The Way of All Flesh
Terence Rattigan wrote The Winslow Boy three times--once as a proposal for a film, once as a play (when the film project was turned down) and finally as a complete screenplay (when the theatrical version scored a great hit). He did this work within a brief period; the play opened in London in 1946, and the film, directed by Anthony Asquith, was released in 1950. So it might be misleading to speak of the play's having been opened up for the movies. Rattigan may have started with an open, cinematic plan and then closed it down for the stage.
I bore you with this observation only to point out the combination of logic and perversity in David Mamet's new film of The Winslow Boy. If you compare his version with Asquith's, you will see that Mamet, like Rattigan, has closed down an existing structure--which in this case was unnecessary.

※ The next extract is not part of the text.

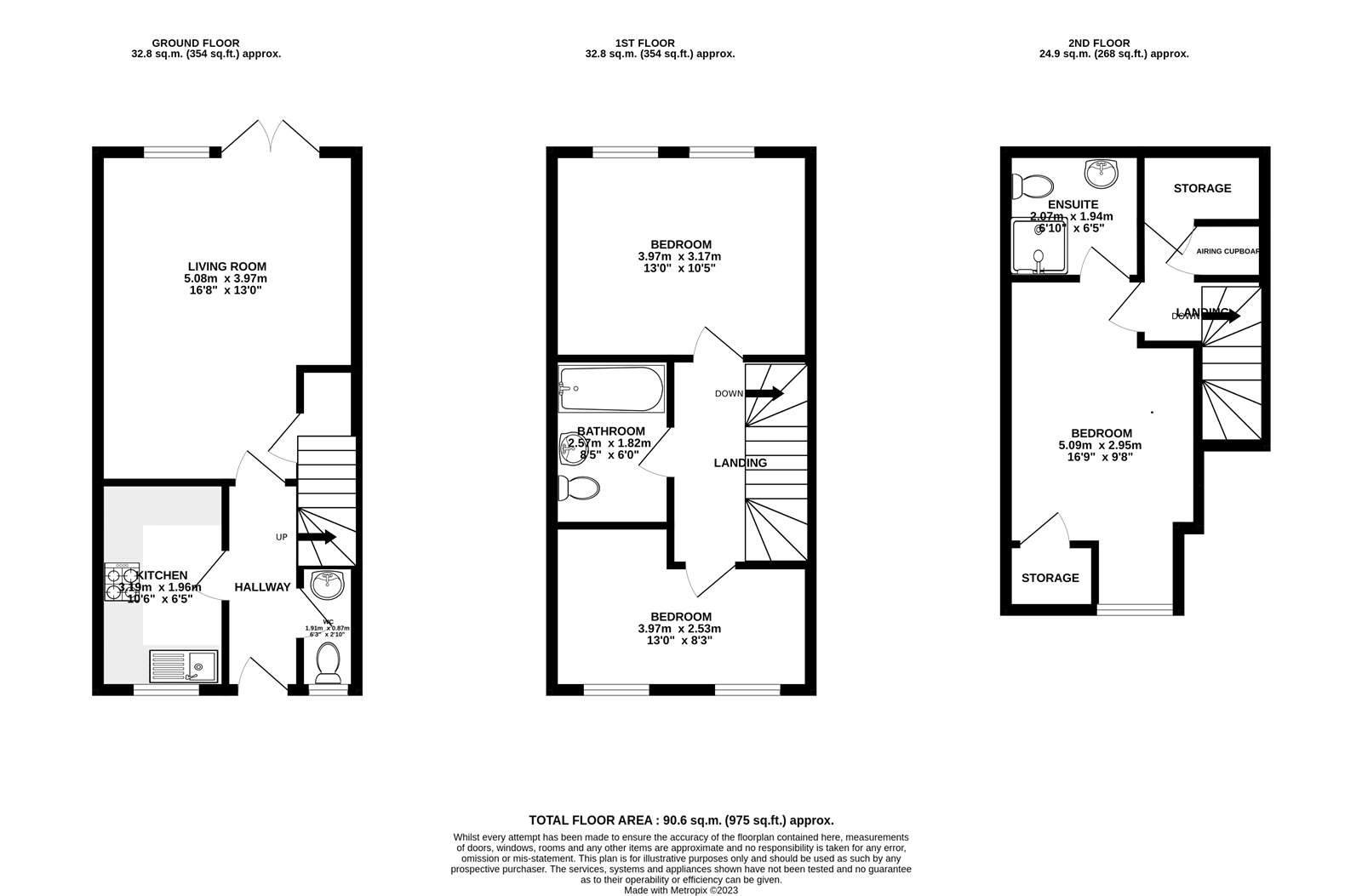 Squirrels Close, Swanley, Kent BR8, 3 bedroom terraced house for sale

Why would Mamet have eliminated so many of the settings that Asquith used, confining most of the action within the home of the Winslow family? The answer, I suppose, is that the concentration is emotional and thematic, as much as physical.
The story, as you may know, concerns a 13-year-old boy, Ronnie Winslow, who has been dismissed from England's Naval College on the grounds that he stole a five-shilling postal order. Ronnie insists he did no such thing; his father, Arthur, a retired bank officer, believes him and presses for exoneration. Although Arthur succeeds in making his son's case a public cause, he does so at the expense of his own health, his wife's peace of mind, his family's finances and his daughter Catherine's marriage prospects. The only hope of making good on the sacrifices (including Catherine's) lies with a famous barrister and Member of Parliament, Sir Robert Morton, who takes the matter into the House of Commons.
The Asquith version contains many speeches by Sir Robert and by Arthur Winslow on the principle behind the case. It's not about a five-shilling postal order; it's about the right to a fair trial. In Mamet's version, all that stuff's been thrown out, along with the extra locales. In effect, Ronnie has turned into a 13-year-old MacGuffin, useful only for setting off the real action, which is Catherine's decision about which man to marry. To give her more of a choice, Mamet has introduced many long and meaningful glances between her and Sir Robert, right from the start.
In the roles of Sir Robert and Arthur, Jeremy Northam and Nigel Hawthorne more than live up to their predecessors, Robert Donat and Cedric Hardwicke. That's saying a lot; but I almost prefer the new performances, which allow the characters a degree more of humor and self-knowledge. But, that said, I have to add that Mamet has thrown this party for Catherine--or rather for his wife, Rebecca Pidgeon, who plays the part in orthodox Mamet style. She speaks the lines clearly.
So much for Rattigan's debates about logic versus emotion. Mamet's The Winslow Boy may be an unembarrassed exercise in sentiment, a Valentine's Day card to his wife; and yet Catherine's now as much of a stick as Sir Robert.